DATA FOR ANALYSIS -
_ _ _

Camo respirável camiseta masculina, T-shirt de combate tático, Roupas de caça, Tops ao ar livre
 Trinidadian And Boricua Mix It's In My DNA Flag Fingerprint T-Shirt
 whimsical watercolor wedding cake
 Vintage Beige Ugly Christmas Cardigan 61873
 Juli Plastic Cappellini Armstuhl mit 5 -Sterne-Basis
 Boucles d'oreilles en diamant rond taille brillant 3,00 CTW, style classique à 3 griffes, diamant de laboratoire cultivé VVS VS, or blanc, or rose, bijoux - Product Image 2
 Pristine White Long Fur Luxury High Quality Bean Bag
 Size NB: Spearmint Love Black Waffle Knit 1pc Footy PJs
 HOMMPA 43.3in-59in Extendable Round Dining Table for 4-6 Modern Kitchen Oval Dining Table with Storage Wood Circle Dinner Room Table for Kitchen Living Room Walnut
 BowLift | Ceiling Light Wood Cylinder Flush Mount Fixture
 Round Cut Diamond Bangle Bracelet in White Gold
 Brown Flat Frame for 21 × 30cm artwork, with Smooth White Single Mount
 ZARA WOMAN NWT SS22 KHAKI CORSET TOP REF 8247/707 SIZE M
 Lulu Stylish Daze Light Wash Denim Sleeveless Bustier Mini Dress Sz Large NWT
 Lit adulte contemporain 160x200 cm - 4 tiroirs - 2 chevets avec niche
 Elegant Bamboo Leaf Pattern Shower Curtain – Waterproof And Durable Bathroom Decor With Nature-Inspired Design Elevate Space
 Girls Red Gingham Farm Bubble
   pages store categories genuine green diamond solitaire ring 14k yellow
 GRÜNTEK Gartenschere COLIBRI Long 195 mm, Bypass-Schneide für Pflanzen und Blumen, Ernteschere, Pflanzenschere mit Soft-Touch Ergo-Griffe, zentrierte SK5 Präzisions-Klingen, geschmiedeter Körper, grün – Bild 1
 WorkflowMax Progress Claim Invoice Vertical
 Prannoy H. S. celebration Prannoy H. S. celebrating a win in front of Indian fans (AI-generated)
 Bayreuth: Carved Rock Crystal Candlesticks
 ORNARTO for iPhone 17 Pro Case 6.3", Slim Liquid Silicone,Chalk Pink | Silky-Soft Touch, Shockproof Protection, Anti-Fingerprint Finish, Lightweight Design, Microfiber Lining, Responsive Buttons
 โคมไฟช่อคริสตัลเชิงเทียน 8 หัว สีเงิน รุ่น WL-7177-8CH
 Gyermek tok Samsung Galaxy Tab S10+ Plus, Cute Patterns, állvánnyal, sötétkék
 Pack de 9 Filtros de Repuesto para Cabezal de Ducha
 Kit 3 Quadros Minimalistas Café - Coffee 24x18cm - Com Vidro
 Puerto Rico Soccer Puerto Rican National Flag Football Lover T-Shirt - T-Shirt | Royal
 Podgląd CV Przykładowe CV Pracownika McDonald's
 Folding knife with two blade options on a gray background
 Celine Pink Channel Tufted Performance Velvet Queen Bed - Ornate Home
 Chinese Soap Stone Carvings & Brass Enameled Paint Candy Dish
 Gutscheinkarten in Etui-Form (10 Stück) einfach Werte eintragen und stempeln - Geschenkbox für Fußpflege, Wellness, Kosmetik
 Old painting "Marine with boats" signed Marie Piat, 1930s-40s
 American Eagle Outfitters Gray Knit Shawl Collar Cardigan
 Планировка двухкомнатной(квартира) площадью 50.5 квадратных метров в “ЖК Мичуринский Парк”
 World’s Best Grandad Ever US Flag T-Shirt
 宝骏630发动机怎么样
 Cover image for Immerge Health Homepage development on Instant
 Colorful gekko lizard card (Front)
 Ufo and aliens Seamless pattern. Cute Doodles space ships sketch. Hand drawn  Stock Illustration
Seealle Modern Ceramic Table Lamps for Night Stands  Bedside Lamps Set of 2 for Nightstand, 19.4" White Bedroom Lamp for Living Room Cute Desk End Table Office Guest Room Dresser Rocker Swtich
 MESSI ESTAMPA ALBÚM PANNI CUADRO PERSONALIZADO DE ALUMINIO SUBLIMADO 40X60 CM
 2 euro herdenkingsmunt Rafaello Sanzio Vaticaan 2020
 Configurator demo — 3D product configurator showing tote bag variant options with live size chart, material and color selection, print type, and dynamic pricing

_ _ _

WORK REQUIRED - Could the data above be returned exactly as it stands?

RESULT OF THIS EXERCISE -
Camo respirável camiseta masculina, T-shirt de combate tático, Roupas de caça, Tops ao ar livre
 Trinidadian And Boricua Mix It's In My DNA Flag Fingerprint T-Shirt
 whimsical watercolor wedding cake
 Vintage Beige Ugly Christmas Cardigan 61873
 Juli Plastic Cappellini Armstuhl mit 5 -Sterne-Basis
 Boucles d'oreilles en diamant rond taille brillant 3,00 CTW, style classique à 3 griffes, diamant de laboratoire cultivé VVS VS, or blanc, or rose, bijoux - Product Image 2
 Pristine White Long Fur Luxury High Quality Bean Bag
 Size NB: Spearmint Love Black Waffle Knit 1pc Footy PJs
 HOMMPA 43.3in-59in Extendable Round Dining Table for 4-6 Modern Kitchen Oval Dining Table with Storage Wood Circle Dinner Room Table for Kitchen Living Room Walnut
 BowLift | Ceiling Light Wood Cylinder Flush Mount Fixture
 Round Cut Diamond Bangle Bracelet in White Gold
 Brown Flat Frame for 21 × 30cm artwork, with Smooth White Single Mount
 ZARA WOMAN NWT SS22 KHAKI CORSET TOP REF 8247/707 SIZE M
 Lulu Stylish Daze Light Wash Denim Sleeveless Bustier Mini Dress Sz Large NWT
 Lit adulte contemporain 160x200 cm - 4 tiroirs - 2 chevets avec niche
 Elegant Bamboo Leaf Pattern Shower Curtain – Waterproof And Durable Bathroom Decor With Nature-Inspired Design Elevate Space
 Girls Red Gingham Farm Bubble
   pages store categories genuine green diamond solitaire ring 14k yellow
 GRÜNTEK Gartenschere COLIBRI Long 195 mm, Bypass-Schneide für Pflanzen und Blumen, Ernteschere, Pflanzenschere mit Soft-Touch Ergo-Griffe, zentrierte SK5 Präzisions-Klingen, geschmiedeter Körper, grün – Bild 1
 WorkflowMax Progress Claim Invoice Vertical
 Prannoy H. S. celebration Prannoy H. S. celebrating a win in front of Indian fans (AI-generated)
 Bayreuth: Carved Rock Crystal Candlesticks
 ORNARTO for iPhone 17 Pro Case 6.3", Slim Liquid Silicone,Chalk Pink | Silky-Soft Touch, Shockproof Protection, Anti-Fingerprint Finish, Lightweight Design, Microfiber Lining, Responsive Buttons
 โคมไฟช่อคริสตัลเชิงเทียน 8 หัว สีเงิน รุ่น WL-7177-8CH
 Gyermek tok Samsung Galaxy Tab S10+ Plus, Cute Patterns, állvánnyal, sötétkék
 Pack de 9 Filtros de Repuesto para Cabezal de Ducha
 Kit 3 Quadros Minimalistas Café - Coffee 24x18cm - Com Vidro
 Puerto Rico Soccer Puerto Rican National Flag Football Lover T-Shirt - T-Shirt | Royal
 Podgląd CV Przykładowe CV Pracownika McDonald's
 Folding knife with two blade options on a gray background
 Celine Pink Channel Tufted Performance Velvet Queen Bed - Ornate Home
 Chinese Soap Stone Carvings & Brass Enameled Paint Candy Dish
 Gutscheinkarten in Etui-Form (10 Stück) einfach Werte eintragen und stempeln - Geschenkbox für Fußpflege, Wellness, Kosmetik
 Old painting "Marine with boats" signed Marie Piat, 1930s-40s
 American Eagle Outfitters Gray Knit Shawl Collar Cardigan
 Планировка двухкомнатной(квартира) площадью 50.5 квадратных метров в “ЖК Мичуринский Парк”
 World’s Best Grandad Ever US Flag T-Shirt
 宝骏630发动机怎么样
 Cover image for Immerge Health Homepage development on Instant
 Colorful gekko lizard card (Front)
 Ufo and aliens Seamless pattern. Cute Doodles space ships sketch. Hand drawn  Stock Illustration
Seealle Modern Ceramic Table Lamps for Night Stands  Bedside Lamps Set of 2 for Nightstand, 19.4" White Bedroom Lamp for Living Room Cute Desk End Table Office Guest Room Dresser Rocker Swtich
 MESSI ESTAMPA ALBÚM PANNI CUADRO PERSONALIZADO DE ALUMINIO SUBLIMADO 40X60 CM
 2 euro herdenkingsmunt Rafaello Sanzio Vaticaan 2020
 Configurator demo — 3D product configurator showing tote bag variant options with live size chart, material and color selection, print type, and dynamic pricing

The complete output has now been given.